== Segment start ==
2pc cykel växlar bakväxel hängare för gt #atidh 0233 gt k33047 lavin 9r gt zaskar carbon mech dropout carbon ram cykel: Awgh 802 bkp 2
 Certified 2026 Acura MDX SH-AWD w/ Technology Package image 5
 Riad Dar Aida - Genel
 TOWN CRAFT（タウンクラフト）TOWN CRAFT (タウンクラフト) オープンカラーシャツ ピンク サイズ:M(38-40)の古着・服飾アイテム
== Segment end ==
- What you need to do: Only the lines from the one containing "Certified 2026 Acura" to the end of the data should be printed, exactly as they stand.

- Solution to the problem:
 Certified 2026 Acura MDX SH-AWD w/ Technology Package image 5
 Riad Dar Aida - Genel
 TOWN CRAFT（タウンクラフト）TOWN CRAFT (タウンクラフト) オープンカラーシャツ ピンク サイズ:M(38-40)の古着・服飾アイテム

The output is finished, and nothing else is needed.